Tenemos el deber espiritual y ético de pedir más, de seguir implorando a Dios que nos diga algo que todavía no nos ha dicho. Porque, si no lo hacemos, perderemos definitivamente el contacto con los pobres y con las víctimas, con los que siguen gritando, con los que son demasiado impotentes frente al espectáculo del mal como para encontrar consuelo en la omnipotencia de Dios. No hay que callar nunca a los pobres y a las víctimas en nombre de Dios, ni siquiera cuando maldicen al cielo. Si se ve el mundo desde el lado de las víctimas, si se frecuentan de verdad las periferias existenciales, sociales, económicas y morales del mundo, la omnipotencia y la fuerza de Dios nos parecen demasiado lejanas y, sobre todo, no nos impulsan a hacer todo lo posible por reducir con nuestra libertad el sufrimiento del mundo. Ninguna narración de las maravillas del universo, ninguna descripción magnífica de las terribles fieras Behemot (“Atiesa la cola igual que un cedro, los nervios de sus muslos se entrelazan, tubos de bronce son sus vértebras, sus huesos como barras de hierro” (40,17-19), y Leviatán (“Su dorso son hileras de escudos, que cierra un sello de piedra. Están apretados uno a otro, y ni un soplo puede pasar entre ellos …” (41,7-8), pueden consolar ni amar a los que gritan mientras se hunden en el mar, ni a los que mueren solos en la cama de un elegante hospital. Sólo el Dios esperado por Job podría encontrarse con ellos y recoger sus gritos. Pero a este Dios no lo encontramos en el libro de Job: “¿Quién encerró el mar con doble puerta, cuando del seno materno salía borbotando; cuando le puse una nube por vestido y del nubarrón hice sus pañales; cuando le tracé sus linderos y coloqué puertas y cerrojos? «¡Llegarás hasta aquí, no más allá», le dije, «aquí se romperá el orgullo de tus olas»” (38,8-11).
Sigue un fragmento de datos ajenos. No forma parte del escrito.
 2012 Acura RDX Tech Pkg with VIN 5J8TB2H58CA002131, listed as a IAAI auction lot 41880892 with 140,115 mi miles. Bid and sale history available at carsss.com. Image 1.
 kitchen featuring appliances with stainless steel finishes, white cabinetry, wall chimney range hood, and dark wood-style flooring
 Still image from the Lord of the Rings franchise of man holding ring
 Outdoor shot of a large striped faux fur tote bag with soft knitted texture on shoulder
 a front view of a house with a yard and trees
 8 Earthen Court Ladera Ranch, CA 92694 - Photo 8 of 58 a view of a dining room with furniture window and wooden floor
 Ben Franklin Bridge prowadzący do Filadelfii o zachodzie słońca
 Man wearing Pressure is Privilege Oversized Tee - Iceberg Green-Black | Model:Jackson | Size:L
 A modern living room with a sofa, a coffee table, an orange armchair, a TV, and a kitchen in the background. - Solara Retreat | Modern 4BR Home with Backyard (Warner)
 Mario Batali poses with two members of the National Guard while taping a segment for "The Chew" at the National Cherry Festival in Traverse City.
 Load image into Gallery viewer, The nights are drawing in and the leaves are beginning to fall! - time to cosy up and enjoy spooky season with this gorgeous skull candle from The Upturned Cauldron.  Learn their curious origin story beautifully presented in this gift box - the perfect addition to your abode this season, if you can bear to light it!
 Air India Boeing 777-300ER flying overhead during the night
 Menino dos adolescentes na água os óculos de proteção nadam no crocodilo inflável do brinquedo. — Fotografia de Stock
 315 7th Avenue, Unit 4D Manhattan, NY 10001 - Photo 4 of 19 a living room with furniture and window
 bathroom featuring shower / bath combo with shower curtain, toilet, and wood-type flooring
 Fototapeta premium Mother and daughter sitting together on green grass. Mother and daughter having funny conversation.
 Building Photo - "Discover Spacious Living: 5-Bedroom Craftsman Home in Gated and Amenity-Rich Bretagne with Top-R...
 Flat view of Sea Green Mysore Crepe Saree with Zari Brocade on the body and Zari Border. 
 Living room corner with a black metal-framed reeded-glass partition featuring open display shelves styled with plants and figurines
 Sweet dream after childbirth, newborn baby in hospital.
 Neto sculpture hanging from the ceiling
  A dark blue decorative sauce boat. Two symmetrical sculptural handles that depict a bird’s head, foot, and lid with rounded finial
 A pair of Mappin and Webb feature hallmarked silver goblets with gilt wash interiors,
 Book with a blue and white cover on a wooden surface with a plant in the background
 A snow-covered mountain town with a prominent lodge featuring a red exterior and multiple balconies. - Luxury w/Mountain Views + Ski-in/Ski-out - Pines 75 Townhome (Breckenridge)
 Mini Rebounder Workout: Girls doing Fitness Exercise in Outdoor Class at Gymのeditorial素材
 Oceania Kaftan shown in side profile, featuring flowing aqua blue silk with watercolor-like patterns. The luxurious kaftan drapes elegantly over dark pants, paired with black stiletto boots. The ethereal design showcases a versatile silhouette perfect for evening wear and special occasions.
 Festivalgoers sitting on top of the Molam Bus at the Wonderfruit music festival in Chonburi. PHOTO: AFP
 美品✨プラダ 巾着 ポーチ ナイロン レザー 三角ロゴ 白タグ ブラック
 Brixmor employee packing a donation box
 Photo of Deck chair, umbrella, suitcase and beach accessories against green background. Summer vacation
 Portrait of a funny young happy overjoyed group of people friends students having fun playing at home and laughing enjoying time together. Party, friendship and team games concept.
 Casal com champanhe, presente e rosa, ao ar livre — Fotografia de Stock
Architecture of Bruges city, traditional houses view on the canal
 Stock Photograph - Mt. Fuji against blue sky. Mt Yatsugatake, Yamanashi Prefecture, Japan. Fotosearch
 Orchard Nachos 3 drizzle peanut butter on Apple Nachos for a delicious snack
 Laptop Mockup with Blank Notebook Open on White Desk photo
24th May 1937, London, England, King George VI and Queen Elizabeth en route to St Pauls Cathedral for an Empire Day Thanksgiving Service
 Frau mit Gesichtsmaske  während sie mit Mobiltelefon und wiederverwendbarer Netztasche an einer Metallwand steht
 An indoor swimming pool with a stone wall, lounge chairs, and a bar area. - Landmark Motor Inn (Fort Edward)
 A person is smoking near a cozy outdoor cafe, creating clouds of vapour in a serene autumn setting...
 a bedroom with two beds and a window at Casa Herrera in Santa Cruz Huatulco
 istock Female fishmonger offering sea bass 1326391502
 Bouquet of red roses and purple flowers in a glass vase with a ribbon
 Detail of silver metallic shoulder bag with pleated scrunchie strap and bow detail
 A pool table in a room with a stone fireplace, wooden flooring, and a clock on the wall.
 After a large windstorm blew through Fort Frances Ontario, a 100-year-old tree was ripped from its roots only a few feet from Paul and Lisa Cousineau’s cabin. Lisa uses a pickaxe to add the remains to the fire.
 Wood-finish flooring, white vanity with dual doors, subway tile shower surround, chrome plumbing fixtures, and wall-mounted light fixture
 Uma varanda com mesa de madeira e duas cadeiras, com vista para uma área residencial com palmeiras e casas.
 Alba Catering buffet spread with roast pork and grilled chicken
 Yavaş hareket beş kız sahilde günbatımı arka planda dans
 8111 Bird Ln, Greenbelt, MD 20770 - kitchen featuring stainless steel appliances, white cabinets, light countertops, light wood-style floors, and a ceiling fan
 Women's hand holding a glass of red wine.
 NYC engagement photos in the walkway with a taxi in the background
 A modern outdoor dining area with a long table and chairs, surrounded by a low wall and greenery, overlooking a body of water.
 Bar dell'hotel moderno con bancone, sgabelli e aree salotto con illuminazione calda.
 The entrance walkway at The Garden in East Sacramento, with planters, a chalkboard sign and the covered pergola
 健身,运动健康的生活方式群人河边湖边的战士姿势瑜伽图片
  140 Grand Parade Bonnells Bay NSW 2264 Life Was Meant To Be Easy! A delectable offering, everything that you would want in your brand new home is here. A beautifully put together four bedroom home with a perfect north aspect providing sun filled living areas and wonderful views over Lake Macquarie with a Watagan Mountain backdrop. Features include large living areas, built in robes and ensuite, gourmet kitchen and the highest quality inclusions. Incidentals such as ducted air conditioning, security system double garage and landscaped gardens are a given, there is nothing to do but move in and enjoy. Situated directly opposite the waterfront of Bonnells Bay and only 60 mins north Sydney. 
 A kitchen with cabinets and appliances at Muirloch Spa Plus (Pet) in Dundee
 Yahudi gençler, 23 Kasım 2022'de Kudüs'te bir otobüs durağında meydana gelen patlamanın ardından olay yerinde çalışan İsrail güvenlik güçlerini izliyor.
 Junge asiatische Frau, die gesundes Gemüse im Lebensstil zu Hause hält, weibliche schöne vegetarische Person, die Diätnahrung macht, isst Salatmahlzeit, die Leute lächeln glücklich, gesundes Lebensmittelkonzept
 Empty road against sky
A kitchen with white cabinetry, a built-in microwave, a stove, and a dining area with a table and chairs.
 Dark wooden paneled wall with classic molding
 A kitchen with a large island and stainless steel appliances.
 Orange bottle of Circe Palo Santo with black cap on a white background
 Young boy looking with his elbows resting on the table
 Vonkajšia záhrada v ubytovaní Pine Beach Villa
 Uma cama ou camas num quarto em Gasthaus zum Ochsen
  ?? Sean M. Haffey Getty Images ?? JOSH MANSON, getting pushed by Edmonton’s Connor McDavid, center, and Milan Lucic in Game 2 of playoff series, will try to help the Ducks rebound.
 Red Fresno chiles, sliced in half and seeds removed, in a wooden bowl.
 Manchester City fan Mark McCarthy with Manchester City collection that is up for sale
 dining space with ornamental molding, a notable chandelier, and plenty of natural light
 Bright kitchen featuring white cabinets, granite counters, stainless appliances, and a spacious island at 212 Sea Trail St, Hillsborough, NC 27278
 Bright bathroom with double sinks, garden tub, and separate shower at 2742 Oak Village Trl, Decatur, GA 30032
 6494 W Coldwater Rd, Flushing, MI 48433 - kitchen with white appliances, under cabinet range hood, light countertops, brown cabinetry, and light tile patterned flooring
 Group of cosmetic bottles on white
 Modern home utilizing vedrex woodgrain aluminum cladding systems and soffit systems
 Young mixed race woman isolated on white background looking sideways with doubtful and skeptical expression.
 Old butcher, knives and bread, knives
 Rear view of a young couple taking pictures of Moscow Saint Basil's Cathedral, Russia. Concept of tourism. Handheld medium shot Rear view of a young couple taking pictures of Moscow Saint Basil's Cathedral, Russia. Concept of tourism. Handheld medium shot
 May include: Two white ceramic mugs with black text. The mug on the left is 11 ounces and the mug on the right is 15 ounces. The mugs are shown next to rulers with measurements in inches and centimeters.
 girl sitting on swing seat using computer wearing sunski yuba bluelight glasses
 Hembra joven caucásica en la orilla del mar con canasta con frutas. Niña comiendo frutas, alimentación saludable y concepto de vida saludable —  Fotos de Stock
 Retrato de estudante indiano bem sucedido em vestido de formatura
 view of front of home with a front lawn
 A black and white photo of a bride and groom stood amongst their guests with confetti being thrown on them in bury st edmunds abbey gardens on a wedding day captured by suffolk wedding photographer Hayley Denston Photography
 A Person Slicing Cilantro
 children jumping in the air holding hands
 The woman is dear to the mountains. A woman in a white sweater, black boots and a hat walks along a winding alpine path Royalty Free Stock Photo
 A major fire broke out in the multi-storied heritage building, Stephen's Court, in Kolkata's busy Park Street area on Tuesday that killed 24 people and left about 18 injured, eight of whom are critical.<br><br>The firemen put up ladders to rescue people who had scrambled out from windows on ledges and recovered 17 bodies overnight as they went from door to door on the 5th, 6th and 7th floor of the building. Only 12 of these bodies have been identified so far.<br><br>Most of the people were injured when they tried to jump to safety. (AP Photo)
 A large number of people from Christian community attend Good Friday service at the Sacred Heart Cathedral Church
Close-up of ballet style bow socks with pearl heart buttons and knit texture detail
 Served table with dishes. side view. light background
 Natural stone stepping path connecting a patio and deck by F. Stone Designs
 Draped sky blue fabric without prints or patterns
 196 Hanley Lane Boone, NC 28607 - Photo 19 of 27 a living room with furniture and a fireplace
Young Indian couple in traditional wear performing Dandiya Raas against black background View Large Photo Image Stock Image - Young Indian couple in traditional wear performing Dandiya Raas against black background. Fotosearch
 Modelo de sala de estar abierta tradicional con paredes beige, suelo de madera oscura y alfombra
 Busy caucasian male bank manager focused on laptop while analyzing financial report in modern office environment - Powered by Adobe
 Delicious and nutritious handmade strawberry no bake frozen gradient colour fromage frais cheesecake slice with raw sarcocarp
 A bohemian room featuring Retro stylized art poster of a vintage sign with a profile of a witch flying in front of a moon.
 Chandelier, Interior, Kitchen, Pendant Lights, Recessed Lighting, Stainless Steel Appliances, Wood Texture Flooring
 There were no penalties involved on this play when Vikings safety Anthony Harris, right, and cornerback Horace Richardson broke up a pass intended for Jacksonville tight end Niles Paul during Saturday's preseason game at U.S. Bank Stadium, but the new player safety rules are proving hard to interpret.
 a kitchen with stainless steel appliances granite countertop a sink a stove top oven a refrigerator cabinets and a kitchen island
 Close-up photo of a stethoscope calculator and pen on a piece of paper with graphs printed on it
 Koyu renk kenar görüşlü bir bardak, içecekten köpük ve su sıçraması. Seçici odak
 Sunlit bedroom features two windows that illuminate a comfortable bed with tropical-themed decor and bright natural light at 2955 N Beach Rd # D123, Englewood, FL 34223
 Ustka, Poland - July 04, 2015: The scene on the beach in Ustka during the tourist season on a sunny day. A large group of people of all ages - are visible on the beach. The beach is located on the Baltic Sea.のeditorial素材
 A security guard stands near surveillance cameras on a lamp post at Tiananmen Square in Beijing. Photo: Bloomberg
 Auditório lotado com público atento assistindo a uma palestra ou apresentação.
‘En los oídos y en el corazón de Job, solo encima del estercolero, en medio de su desesperación, estas palabras, perfectas en sí mismas, habrán causado el mismo efecto que las palabras doctas y sabias de sus ‘amigos’: no habrán hecho más que aumentar su soledad y su abandono. En efecto, también este Dios busca la conversión de Job y pide su rendición, que obtendrá:“YHWH se dirigió a Job y le dijo:
¿Cederá el adversario del Omnipotente? ¿El censor de Dios va a replicar aún? Y Job respondió a YHWH: ¡He hablado a la ligera: ¿qué voy a responder? Me taparé la boca con mi mano. Hablé una vez..., no he de repetir; dos veces..., ya no insistiré” (40,3-5). Job, como muchas víctimas inocentes, enmudece, tiene que callar. Este Elohim, abogado defensor de su propia e insondable omnipotencia, no es el Dios que los pobres y los inocentes como Job buscan y merecen. Las respuestas de este Dios no consiguen igualar a las preguntas de Job. Sus palabras no están a la altura moral de las palabras de Job. Pero, aquí está el extraordinario misterio de la Biblia, también las palabras de Job son palabras de Dios, porque están engarzadas dentro de la misma y única Escritura. Así pues, podemos escuchar la voz de Dios haciendo hablar a Job, que le denuncia y le ataca. Al considerar ‘sagrado’ todo el libro de Job (y los demás libros), la tradición bíblica ha realizado una alianza maravillosa y eterna entre las palabras de YHWH-Elohim y las de los hombres. La palabra de Dios en el libro de Job y en toda la Escritura hay que buscarla también en las páginas en las que Job habla y grita; donde hablan los hombres, en sus preguntas extremas sin respuesta. Podemos rezar a Dios también con las palabras sin Dios de Job. Este Dios mestizo, que ha querido empastar sus palabras con las nuestras, es el único capaz de hablarnos desde las zarzas de la tierra y desde allí volver a llamarnos por nuestro nombre.